Information provided:
⁂

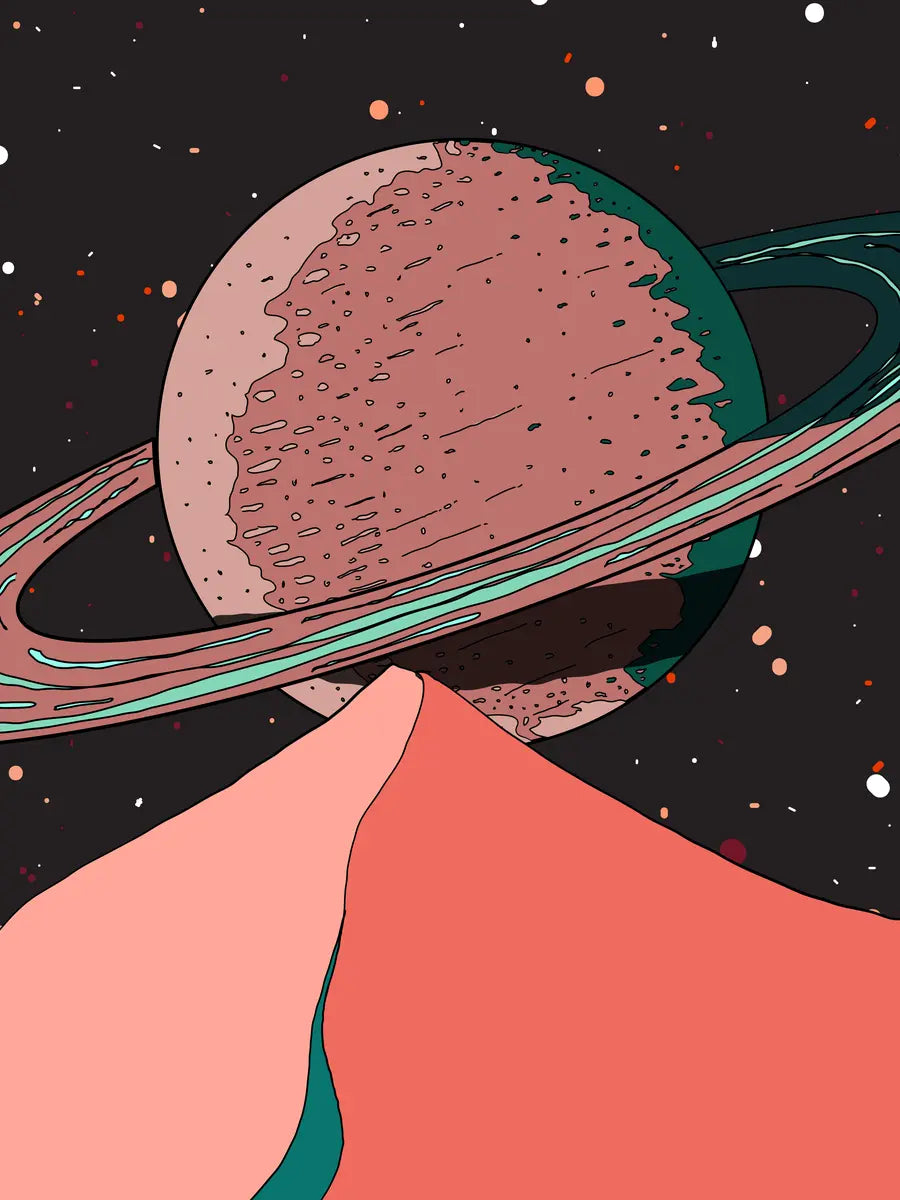 Illustration eines rosa Planeten mit grünen Ringen im Weltraum.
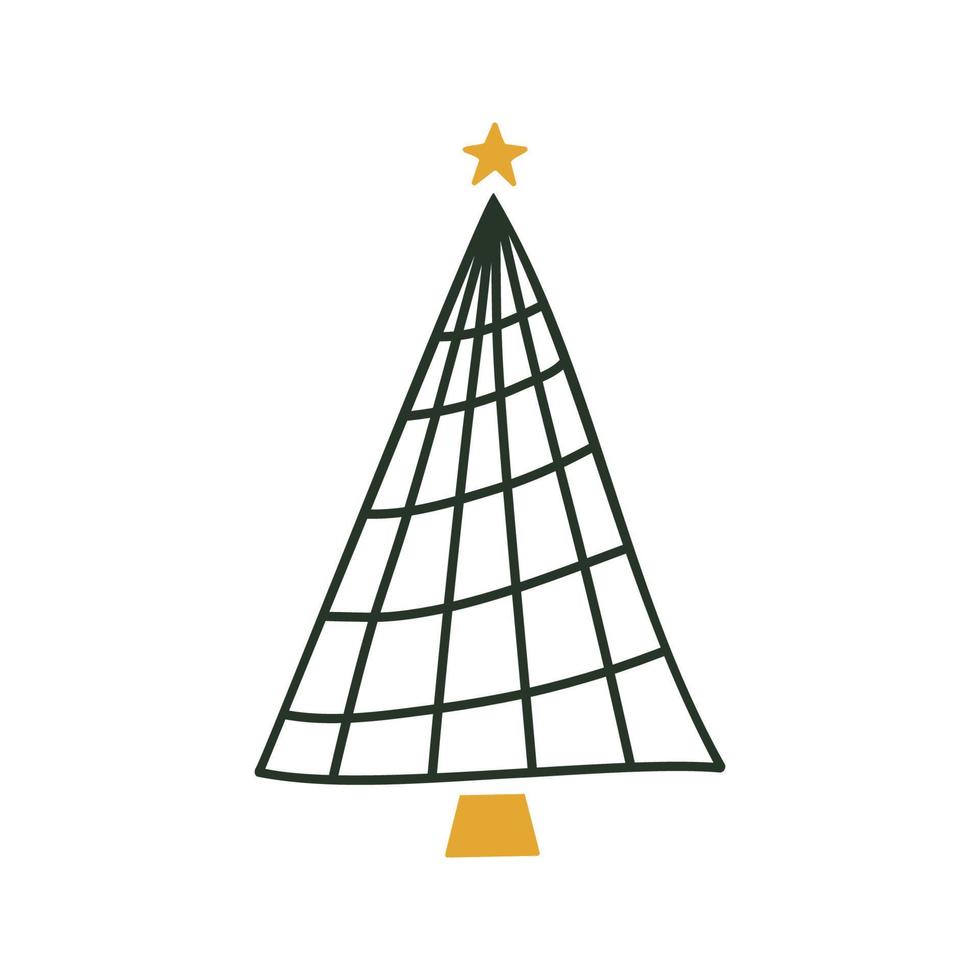 illustration d'arbre de noël dessiné à la main linéaire vecteur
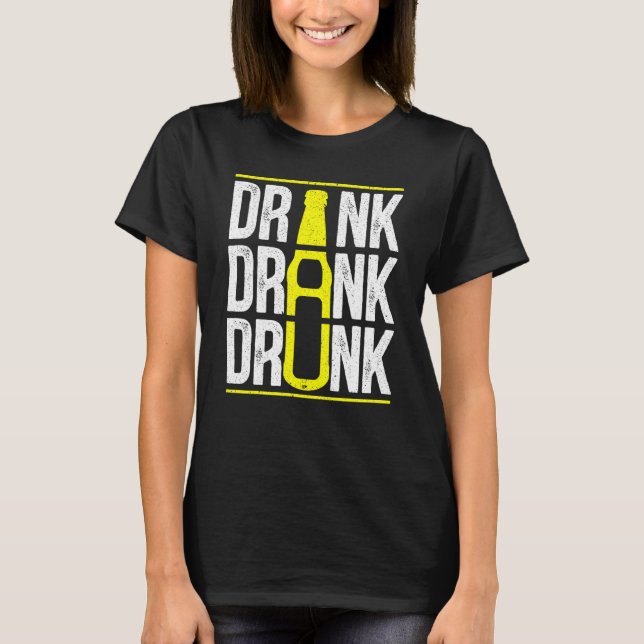 Camiseta Bebida Bebida Cerveza borracha bebe alcohol licor (Anverso)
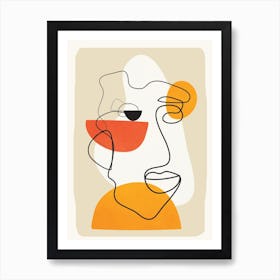 Abstract Face Line Design 01 Art Print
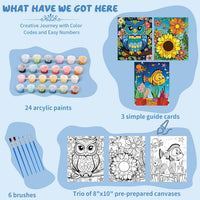 Jovial & Joyful kids paint by number kit with three framed animal canvases and paint pots - view 12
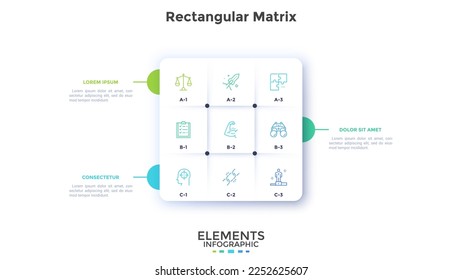 Business project creation rectangular matrix infographic design template with 9 options. Creation of effective strategy. Legal project development. Chart with icons and text. Visual data presentation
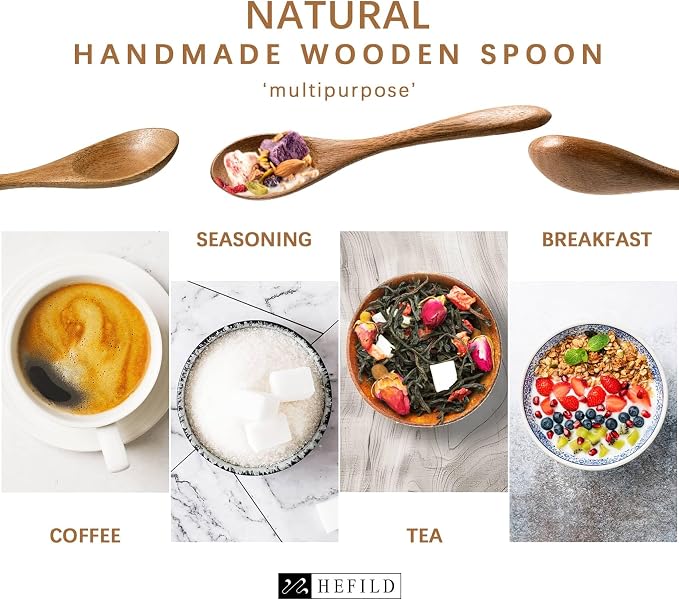 4 PCS Small Wooden Spoons, 5.8 Inch Honey Spoons - Image 5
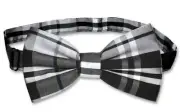 Vesuvio Napoli BOWTIE Black Gray White Color PLAID Design Men's Bow Tie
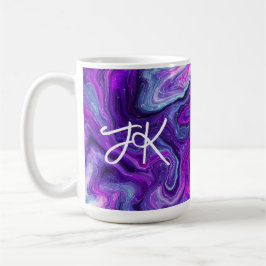 Personligens Lila, blått, Rosa Marble Fluid Art Kaffemugg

⁂

Take the lines from the one holding "Abstract Face Line Design 01 Art Print" through the final line of the records above and output them exactly, both ends included, excluding pictures.

 Abstract Face Line Design 01 Art Print
 Jovial & Joyful kids paint by number kit with three framed animal canvases and paint pots - view 12
 Business project creation rectangular matrix infographic design template with 9 options. Creation of effective strategy. Legal project development. Chart with icons and text. Visual data presentation
 4 PCS Small Wooden Spoons, 5.8 Inch Honey Spoons - Image 5
 Vesuvio Napoli BOWTIE Black Gray White Color PLAID Design Men's Bow Tie
 Personligens Lila, blått, Rosa Marble Fluid Art Kaffemugg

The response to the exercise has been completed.